Description of the task.
Every entry below should be reproduced exactly, with all pictures left out.

(Dataset items)
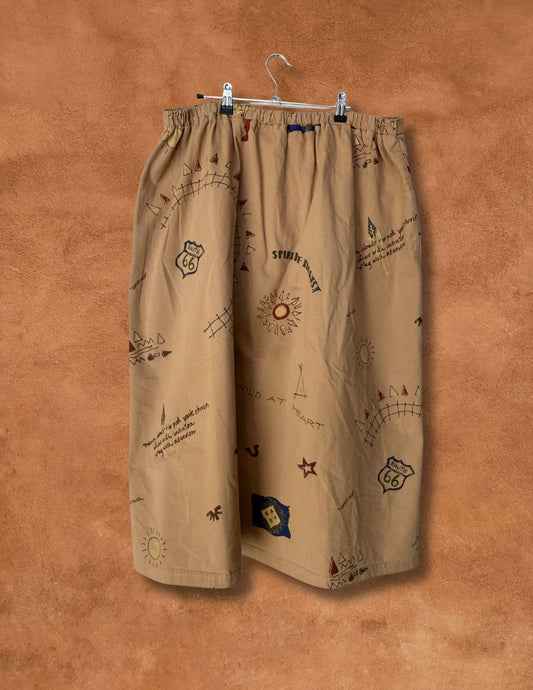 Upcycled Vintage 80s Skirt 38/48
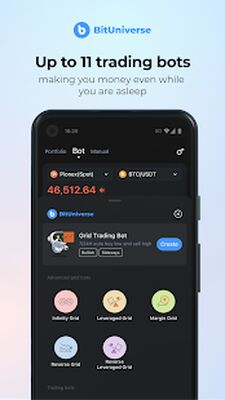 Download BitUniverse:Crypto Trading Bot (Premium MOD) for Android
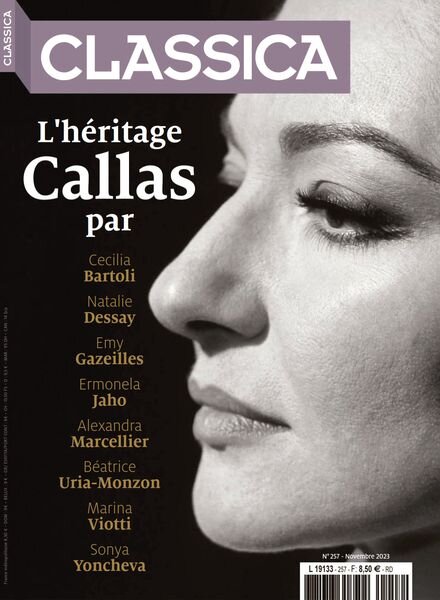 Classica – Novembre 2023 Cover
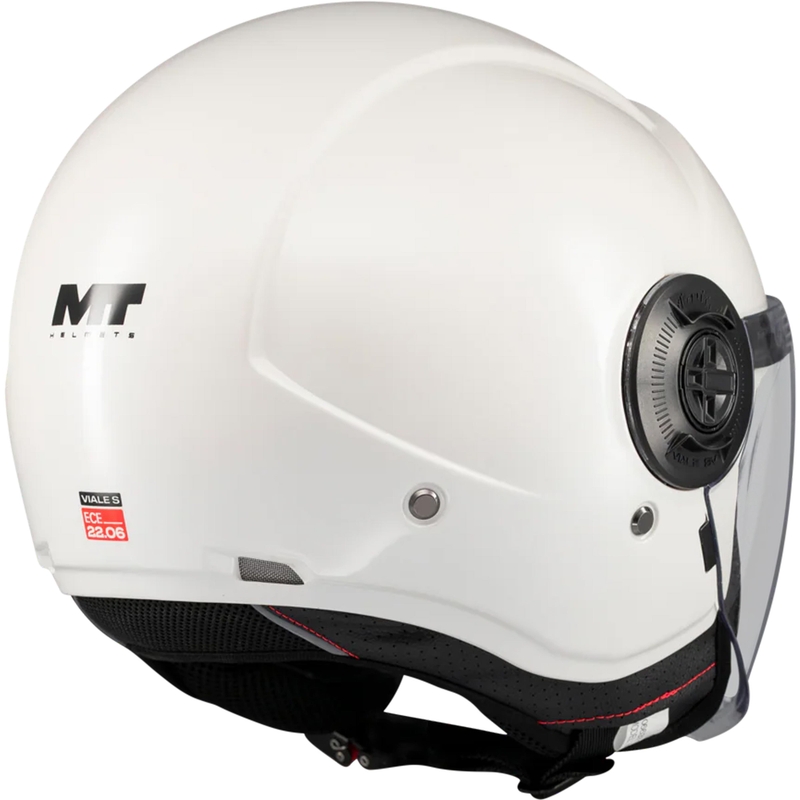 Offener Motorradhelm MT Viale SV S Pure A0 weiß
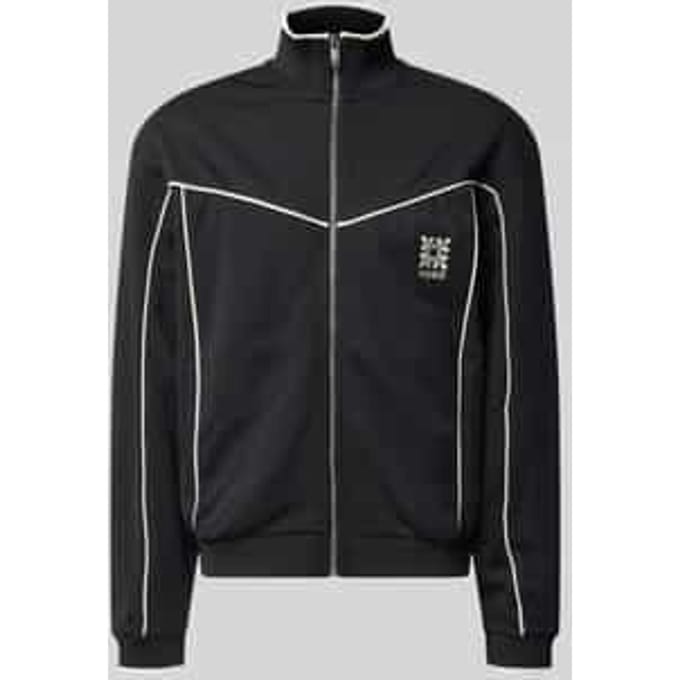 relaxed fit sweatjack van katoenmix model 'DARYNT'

Response area.
 Upcycled Vintage 80s Skirt 38/48
 Download BitUniverse:Crypto Trading Bot (Premium MOD) for Android
 Classica – Novembre 2023 Cover
 Offener Motorradhelm MT Viale SV S Pure A0 weiß
 relaxed fit sweatjack van katoenmix model 'DARYNT'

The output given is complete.